◆ About this exercise ◆
Begin at the line containing "Bino - Mama" and restate it and each line after it exactly, up to and including the last line below. Leave pictures out.

(Given information begins)

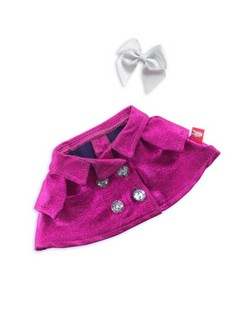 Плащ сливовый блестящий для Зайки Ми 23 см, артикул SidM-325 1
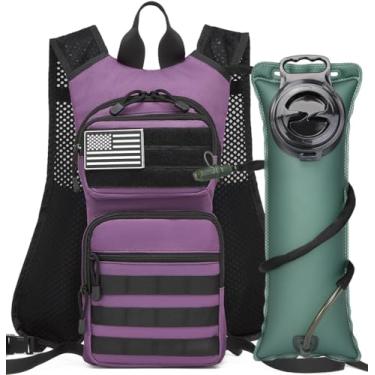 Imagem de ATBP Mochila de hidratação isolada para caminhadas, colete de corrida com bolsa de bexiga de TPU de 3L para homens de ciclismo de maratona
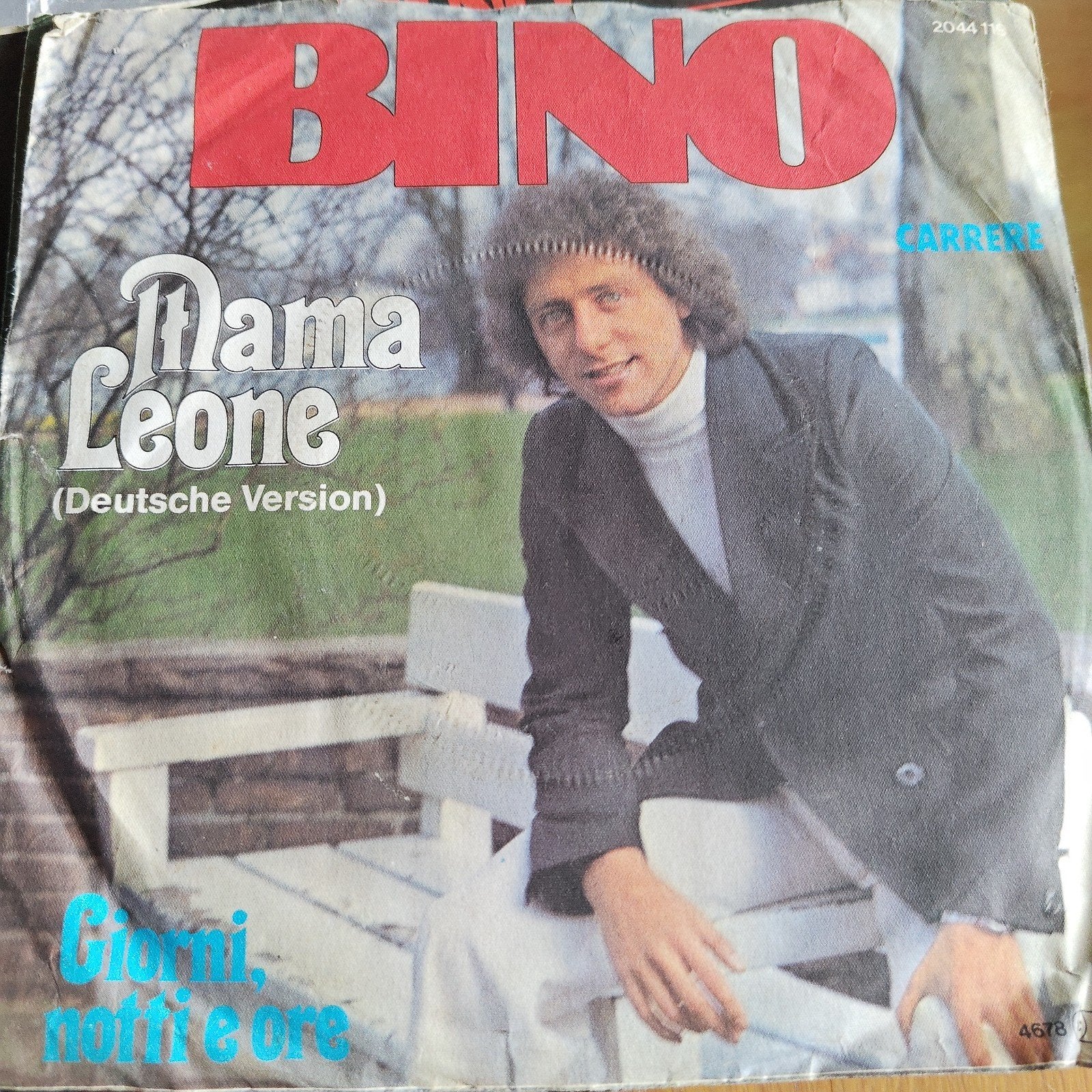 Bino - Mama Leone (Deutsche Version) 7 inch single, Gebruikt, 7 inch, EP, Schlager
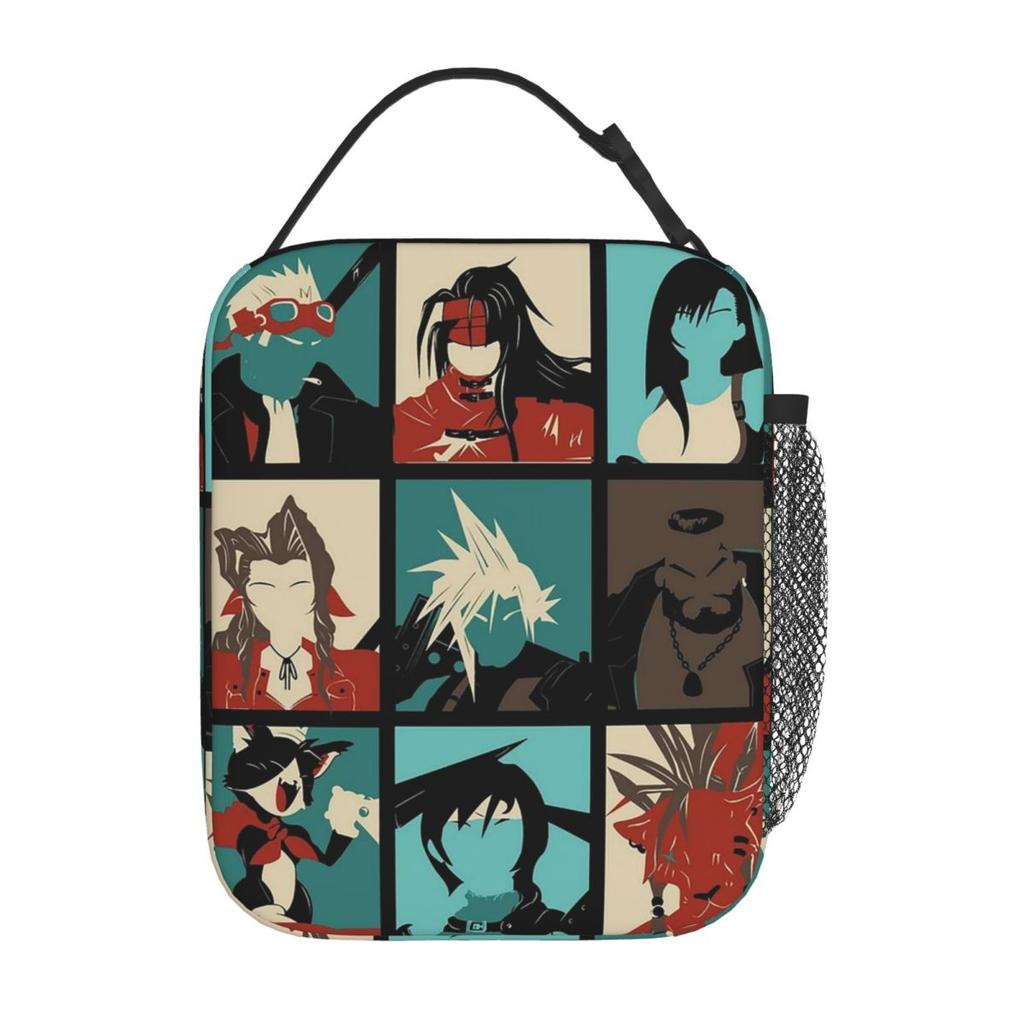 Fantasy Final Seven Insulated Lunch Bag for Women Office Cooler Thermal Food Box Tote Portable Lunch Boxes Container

(Given information ends)

◆ Exercise solution ◆
 Bino - Mama Leone (Deutsche Version) 7 inch single, Gebruikt, 7 inch, EP, Schlager
 Fantasy Final Seven Insulated Lunch Bag for Women Office Cooler Thermal Food Box Tote Portable Lunch Boxes Container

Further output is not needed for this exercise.